Farmers plan to meet increased demand for healthy food

Farmers and healthy food advocates from across the state joined forces today in the Capitol to talk to lawmakers about how Kansas farmers could help be the solution to the obesity epidemic and other health issues in the state by growing more fruits and vegetables.
“Kansas has the unique ability to produce a variety of fruits, vegetables, lean meats, whole grains and low-fat dairy items so we should, in theory, have access to the freshest, healthiest foods available, but unfortunately we don’t,” said Missty Lechner, American Heart Association Advocacy Project Director. “In fact, over 90% of the food Kansans buy comes from out of the state.”
Farmers are seeing these alarming trends and think they can help.  They plan to work with people in their communities and across the state to not only grow healthy food, but also increase demand for and access to healthy food.  Lawmakers can help by passing resolutions establishing local and state Food and Farm Councils that support these new farm and community partnerships.  These councils bring together the people who grow food, the people who sell food, and the people who eat food to discuss and provide recommendations to lawmakers for improving our local food system.
Additionally, other innovative partnerships are being built to help Kansas communities.  The American Heart Association is working with the Kansas Rural Center on their “Community Food Solutions” initiative to help bridge this gap between farmers and community health.  “If we want to see real improvements in health and also keep more money locally, we have to think about things differently.  We have to make healthy Kansas-grown food an easy choice for all Kansans,” said Natalie Fullerton, Project Director for the Kansas Rural Center.
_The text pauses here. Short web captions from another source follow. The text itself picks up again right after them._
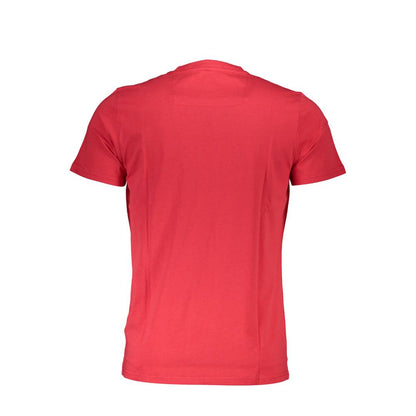 Back view of Cavalli Class Red Cotton Men T-Shirt showcasing premium cotton fabric in vibrant red with a classic crew neck and short sleeves.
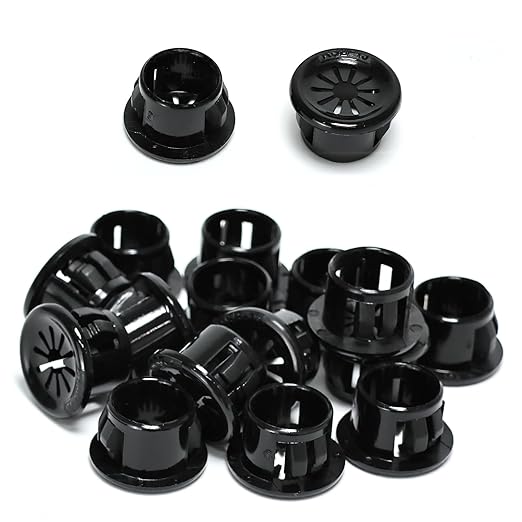 50 Pcs Cable Grommet, Snap Bushing 1/2" (13 mm) Mounting Diameter, Flexible Petal-Shaped Buckle Round Nylon Desk Grommet for Wires Through Countertop Cord Organizer and Protection, Black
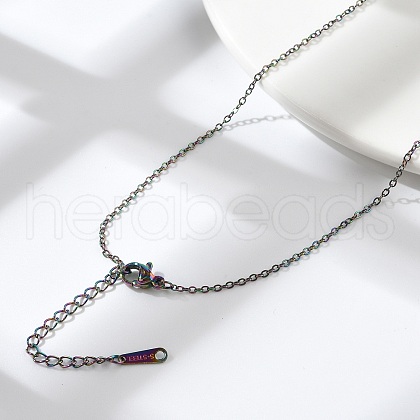 Ion Plating(IP) 304 Stainless Steel Cable Chain Necklace for Men Women STAS-G299-04M-1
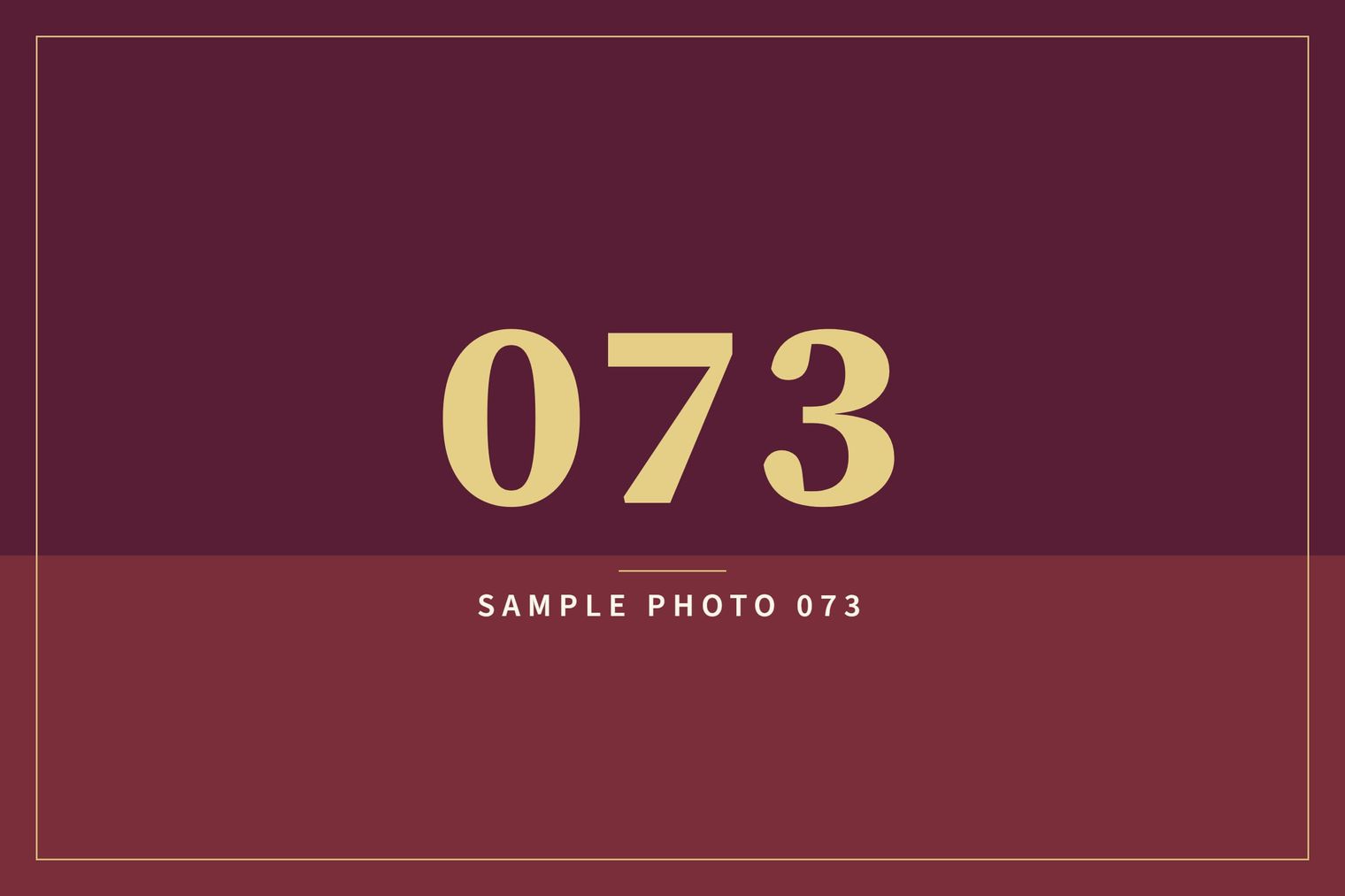 A sample image in the AFCO 5:20 colors that reads Sample Photo 073.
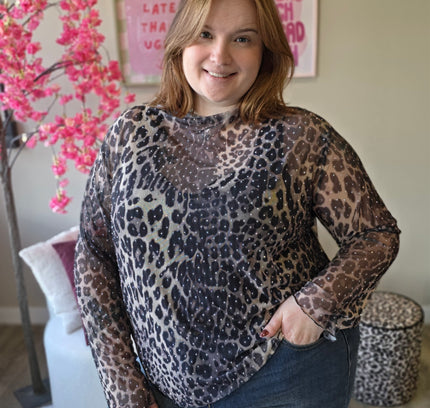 Leopard Mesh tops met rhinestones (In 3 kleuren)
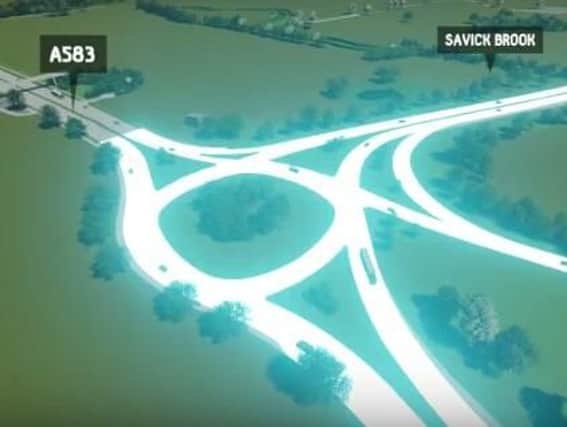 Computer-generated image of part of planned Preston Western Distributor Road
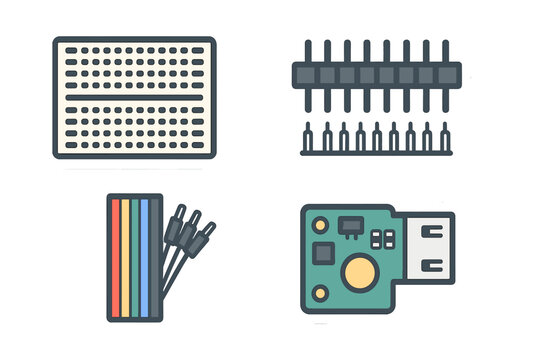 Set of electronic components breadboard header pins jumper wires and circuit board module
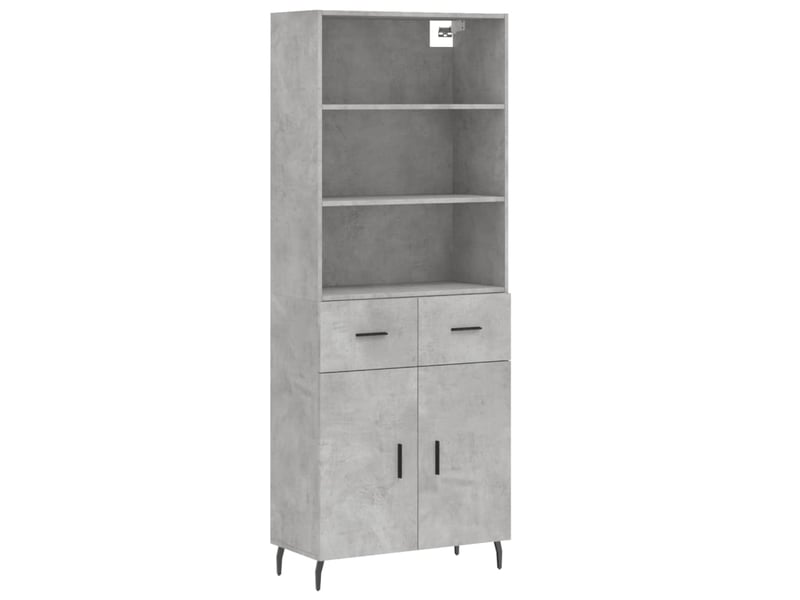  Buffet haut - bahut - meuble de rangement gris béton 69,5x34x180 cm bois d'ingénierie  - Conforama A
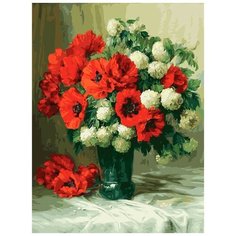 Раскраска по номерам 30х40 см 305-AS Маки и снежные шары Белоснежка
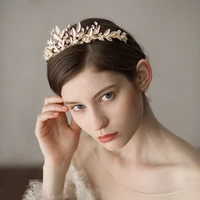 o398 white painted leaves crystal wedding hair accessories birthday queen crown handmade headpiece bridal wedding tiara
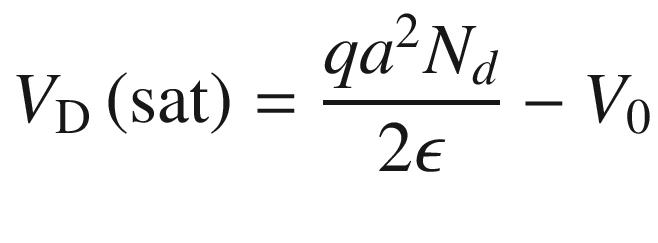 $$ V_{\text{D}} \left( {\text{sat}} \right) = \frac{{qa^{2} N_{d} }}{2\epsilon } - V_{0} $$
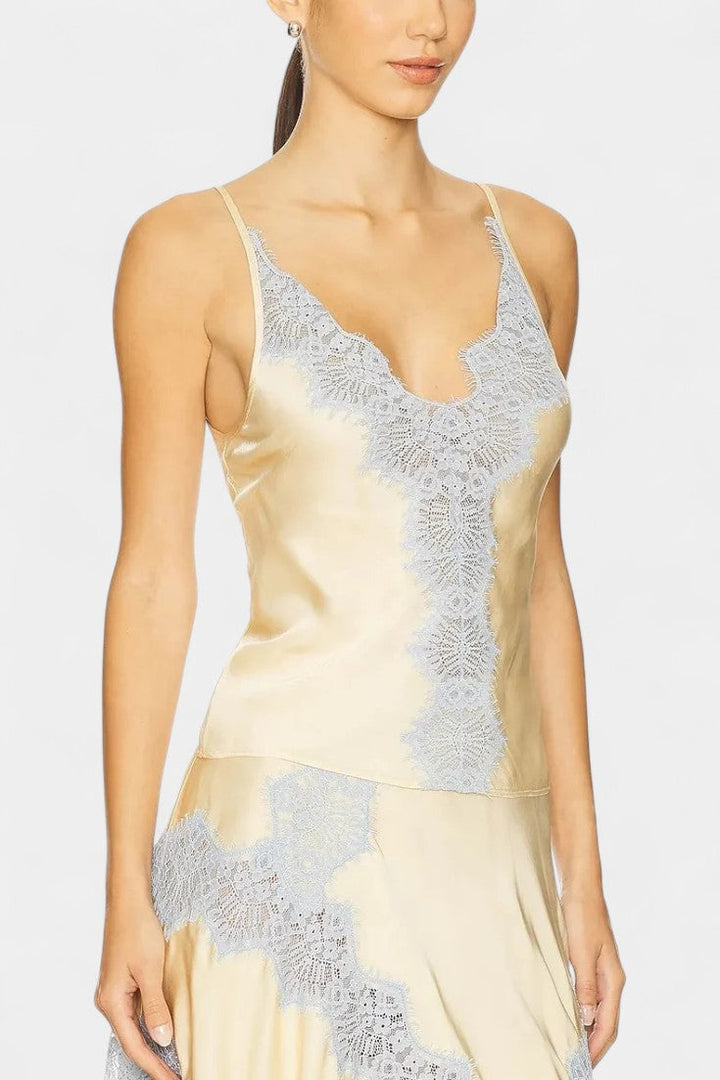 Mirren Satin and Lace Contrast Set with Flowing Midi Skirt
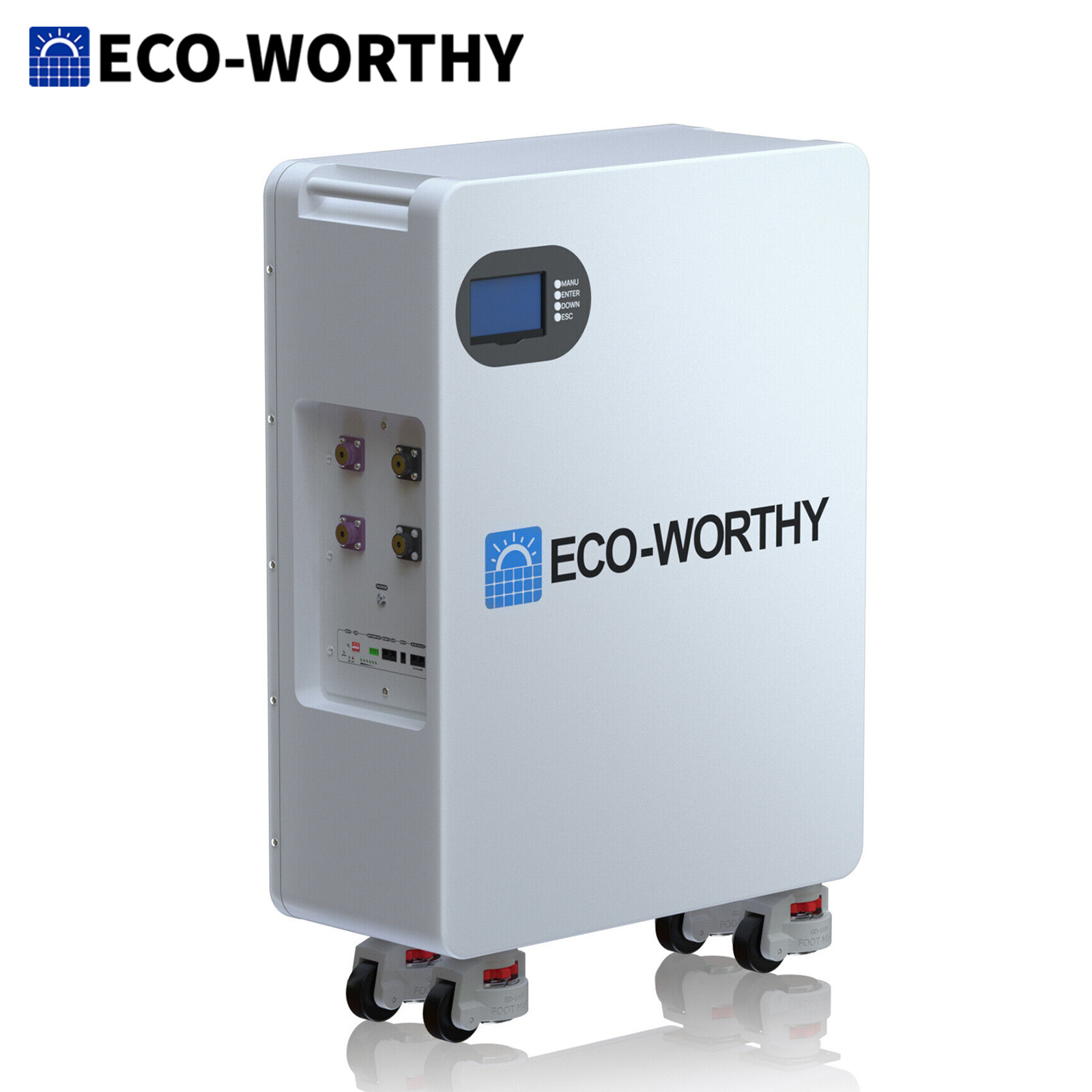 ECO-WORTHY 14kWh 48V 280AH LiFePO4 Battery Vertical Standing Solar Backup UPS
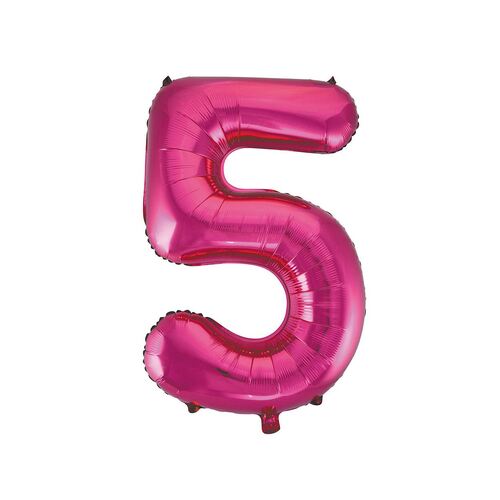 Hot Pink 5 Number Foil Balloon 86cm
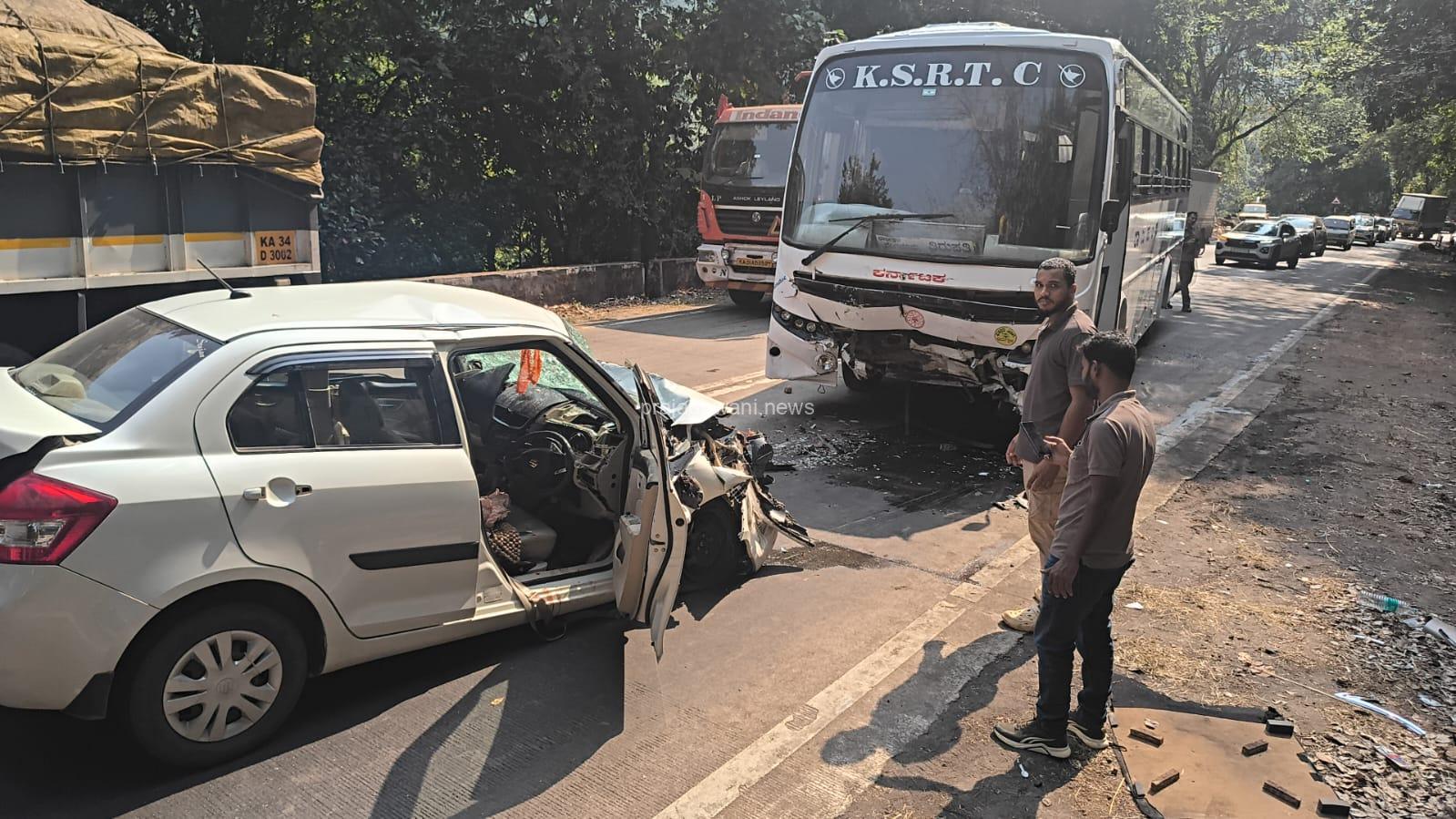 ಗುಂಡ್ಯ ಸಮೀಪ ರಾಜಹಂಸ ಬಸ್ ಹಾಗೂ ಸ್ವಿಫ್ಟ್ ಕಾರು ನಡುವೆ ಸಂಭವಿಸಿದ ಭೀಕರ ಅಪಘಾತ ಮೂವರು ಸ್ಥಳದಲ್ಲೇ ಮೃತ್ಯು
“We researched and gathered feedback from Kansans for a year, and from that, we have prepared a number of recommendations that anyone interested in food and farm issues could help advocate for.  These recommendations can get us closer to our goal of incorporating Kansas farms into the food supply chain thereby potentially improving Kansas’s economy, community, environment, and health,” said Fullerton.
If you would like more information on how you can get involved in “Community Food Solutions,” visit www.kansasruralcenter.org/cfs  and sign up to become a local food advocate.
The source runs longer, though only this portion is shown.